Wednesday, January 19, 2005

ARTstor Native American Art and Culture

It is with great pleasure that we announce the availability in ARTstor of the
"Native American Art and Culture" Collection, the result of a collaboration
with the National Anthropological Archives, Smithsonian Institution. To
browse this new collection, please enter ARTstor and click on the "Native
American Art and Culture from the Smithsonian Institution" link.
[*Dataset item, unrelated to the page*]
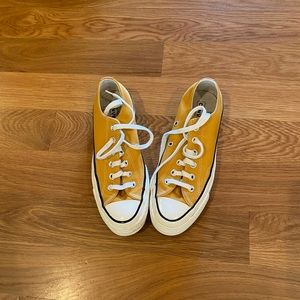 Mustard Converse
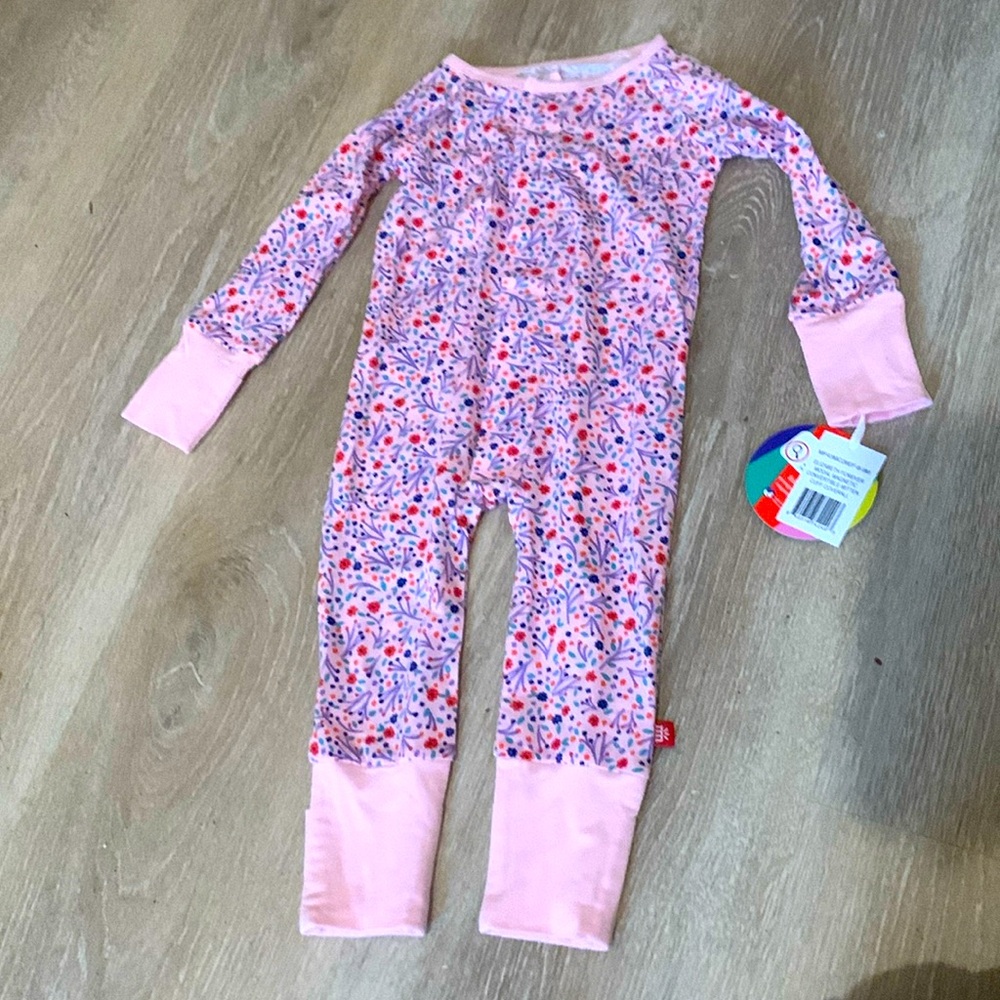 NWT Magnetic Me Onesie Pink Florall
The "Native American Art and Culture" collection has two components. The
first, now available to ARTstor users, consists of more than 10,000 high-
resolution images made from historic photographs richly documenting Native
American subjects (portraits, scenes, etc.). These digital images have been
made from glass plate negatives collected by or produced under the auspices
of the Smithsonian's Bureau of American Ethnology (BAE) beginning in the late
19th century. The BAE photographic collections, supported by extensive
documentation, are a foundation for our visual knowledge of the American
Indian past. They were critical in shaping perceptions of Native Americans in
the last quarter of the 19th century and thereafter and they constitute an
unparalleled visual record of historic Native American art and culture. The
subjects treated in these photographs range from studio portraits of
individual Native Americans to tribal scenes, documenting treaty councils,
official expeditions of exploration, and early anthropological and
archeological inquiry in America. All major tribal groups are represented,
many having been photographed during formal meetings of tribal delegations
with members of Congress.

The second component of this collection, still in production but likely to be
made available to ARTstor users by early Fall 2005, consists of ca. 2,000
Plains Indian "ledger drawings." Plains Indian ledger drawings, mostly
produced in the middle to late decades of the 19th century, represent an
important indigenous artistic tradition of great and increasing interest to
art historians and other scholars. These drawings on paper, often done on the
pages of ruled ledger books acquired through trade, continue a long tradition
of painting on buffalo hides and other available media.

These two archives are among the most heavily used resources in the
Smithsonian's National Anthropological Archive. This digital version should
be invaluable to art historians, anthropologists, cultural historians, and
indeed to all scholars, curators, teachers and students who deal with
American and Native American art, history and culture, as well as to scholars
engaged with the study of cross-cultural encounters.